- 1 What Is an Architecture Decision Log?
- 2 The Anatomy of a Good Decision Record
- 3 Real E-Commerce Decision Examples
- Consequences
- Compliance
- Testing Strategy
- Related Decisions
- 5 When to Write a Decision Record
- 6 Decision Status Lifecycle
- Appendix: ADR Template (Copy-Paste Ready)
- What’s Next?
Three months into rebuilding our e-commerce platform, we faced a problem: nobody remembered why we chose eventual consistency for inventory management. The code worked. Tests passed. But the why was lost. That’s when we implemented an Architecture Decision Log (ADL). Here’s how to do it right.
This is Part 1 of a 2-part series. This article covers the essentials—what ADLs are, how to write them, and real examples. Part 2 covers scaling ADRs across teams, stakeholder management, and measuring effectiveness.
1 What Is an Architecture Decision Log?
An Architecture Decision Log is a collection of timestamped, versioned records that capture significant technical choices made during system design, along with the context, consequences, and trade-offs considered at the time.
Think of it as a decision audit trail for your system’s architecture. Not every commit needs one. But when you choose between database engines, consistency models, or service boundaries? Document it.
Why Complex Systems Need ADLs:
| Characteristic | Why Documentation Matters |
|---|---|
| Long lifecycle | Systems evolve over years; original context fades |
| Team turnover | Architects leave; knowledge walks out with them |
| Complex trade-offs | Consistency vs. latency, coupling vs. cohesion |
| Incident postmortems | Understanding design intent speeds root-cause analysis |
| Onboarding | New engineers grasp why before what |
What an ADL Is NOT:
- ❌ A design specification (that’s separate)
- ❌ A meeting minutes dump (keep it structured)
- ❌ A change log (that tracks what changed; ADL tracks why)
- ❌ Permanent law (decisions can be superseded—document that too)

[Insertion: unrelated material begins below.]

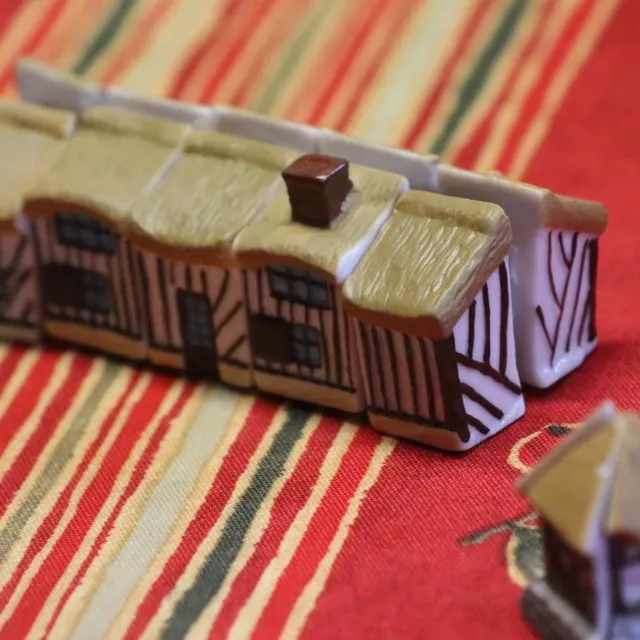 photo une série de fèves formant une chaumière.  ©  ouest-france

2 The Anatomy of a Good Decision Record
Every solid record answers five questions:
| # | Question | Section | Purpose |
|---|---|---|---|
| 1 | What problem are we solving? | Context | Frame the decision, constraints, stakeholders |
| 2 | What options did we consider? | Candidates Considered | Show the solution space and trade-offs |
| 3 | What did we decide? | Decision | State the choice clearly and specifically |
| 4 | What are the consequences? | Consequences | Document benefits and trade-offs honestly |
| 5 | What else is related? | Related Decisions | Link to other decisions for context |
If your ADR doesn’t answer all five, it’s incomplete. Here’s why each question matters—and what happens when you skip it.

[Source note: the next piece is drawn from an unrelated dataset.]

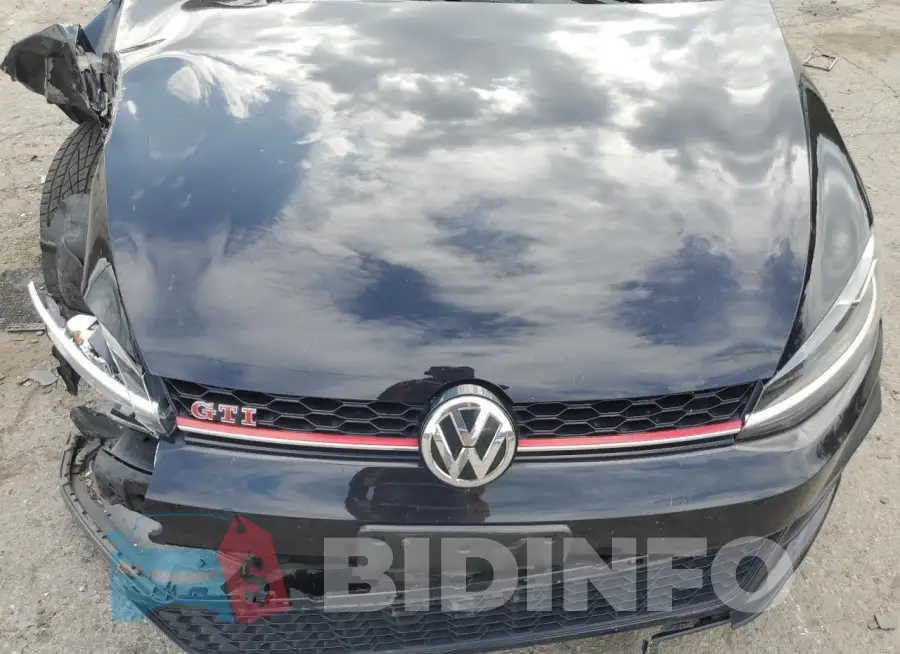 3VW5T7AU0KM011651 Photo# 11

Question 1: What Problem Are We Solving?
Purpose: Establish the why before the what. Without context, future readers can’t understand why the decision made sense at the time.
What to Include:
- Business drivers (e.g., “Black Friday traffic caused 3s latency”)

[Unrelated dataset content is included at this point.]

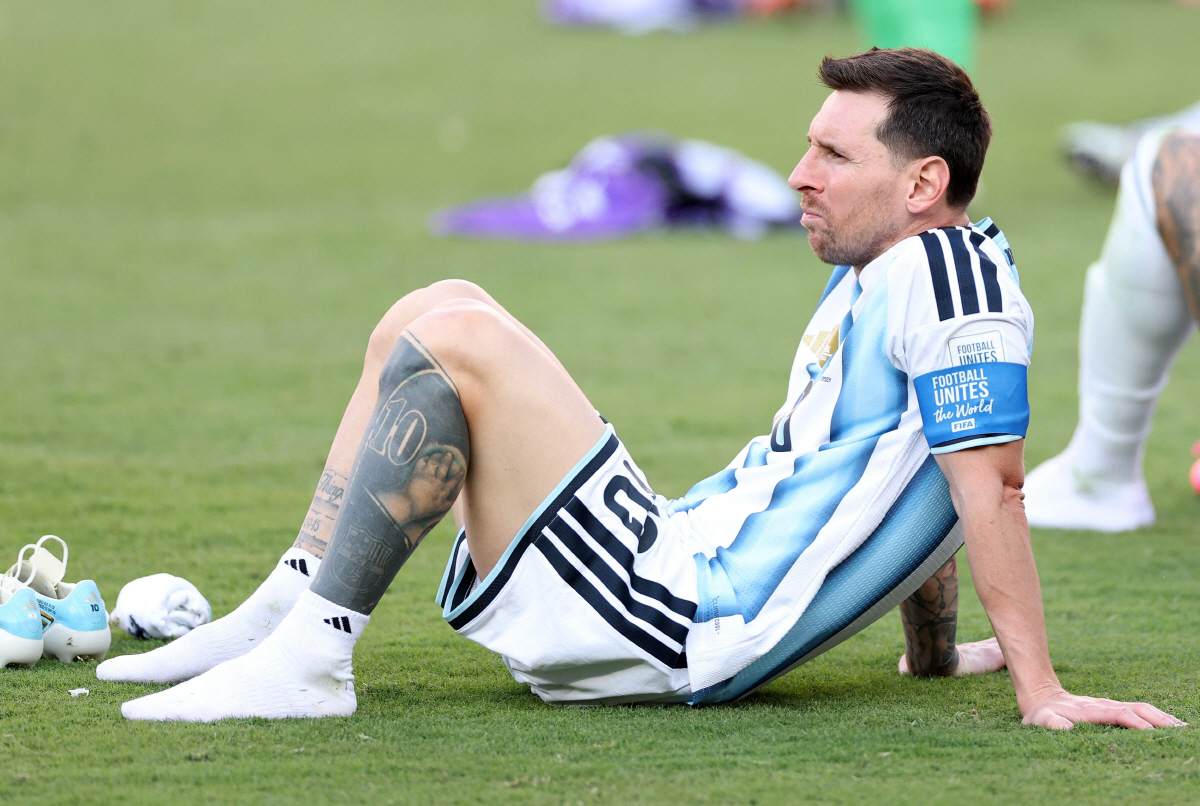 EAST RUTHERFORD, NEW JERSEY - JULY 19: Lionel Messi #10 of Argentina reacts after the 0-1 loss during the FIFA World Cup 2026 Final match between Spain and Argentina at New York New Jersey Stadium on July 19, 2026 in East Rutherford, New Jersey. Dan Mullan/Getty Images/AFP (Photo by Dan Mullan / GETTY IMAGES NORTH AMERICA / Getty Images via AFP)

- Technical constraints (e.g., “Must work within existing AWS infrastructure”)
- Regulatory requirements (e.g., “GDPR requires data deletion within 30 days”)
- Stakeholders involved (e.g., “Compliance team mandated audit logging”)
Good Example:
## Context
- **Requirement**: Support 10K concurrent users during flash sales
- **Problem**: Strong consistency causes lock contention on popular items
- **Constraint**: Must prevent overselling (can't sell what we don't have)
- **Current state**: Database row locks cause 2-3s latency during peaks
Bad Example (Too Vague):
## Context
We needed a better way to handle inventory. The old system was slow.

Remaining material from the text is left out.